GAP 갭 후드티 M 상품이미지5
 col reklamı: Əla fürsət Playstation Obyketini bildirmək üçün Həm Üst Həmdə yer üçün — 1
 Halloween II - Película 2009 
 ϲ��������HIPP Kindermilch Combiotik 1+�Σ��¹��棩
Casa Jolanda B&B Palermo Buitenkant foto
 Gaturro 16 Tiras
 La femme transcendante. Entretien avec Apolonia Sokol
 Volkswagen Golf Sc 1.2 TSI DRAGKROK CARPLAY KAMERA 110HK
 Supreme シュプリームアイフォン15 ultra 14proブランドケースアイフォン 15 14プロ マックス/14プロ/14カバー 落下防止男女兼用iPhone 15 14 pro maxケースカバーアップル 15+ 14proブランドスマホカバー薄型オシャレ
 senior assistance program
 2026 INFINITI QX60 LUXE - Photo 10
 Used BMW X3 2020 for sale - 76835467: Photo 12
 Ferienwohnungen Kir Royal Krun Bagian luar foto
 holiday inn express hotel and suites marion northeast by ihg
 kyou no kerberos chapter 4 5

What you are asked to do:
Each record above must be output without any alteration.

Solution to this problem:
GAP 갭 후드티 M 상품이미지5
 col reklamı: Əla fürsət Playstation Obyketini bildirmək üçün Həm Üst Həmdə yer üçün — 1
 Halloween II - Película 2009 
 ϲ��������HIPP Kindermilch Combiotik 1+�Σ��¹��棩
Casa Jolanda B&B Palermo Buitenkant foto
 Gaturro 16 Tiras
 La femme transcendante. Entretien avec Apolonia Sokol
 Volkswagen Golf Sc 1.2 TSI DRAGKROK CARPLAY KAMERA 110HK
 Supreme シュプリームアイフォン15 ultra 14proブランドケースアイフォン 15 14プロ マックス/14プロ/14カバー 落下防止男女兼用iPhone 15 14 pro maxケースカバーアップル 15+ 14proブランドスマホカバー薄型オシャレ
 senior assistance program
 2026 INFINITI QX60 LUXE - Photo 10
 Used BMW X3 2020 for sale - 76835467: Photo 12
 Ferienwohnungen Kir Royal Krun Bagian luar foto
 holiday inn express hotel and suites marion northeast by ihg
 kyou no kerberos chapter 4 5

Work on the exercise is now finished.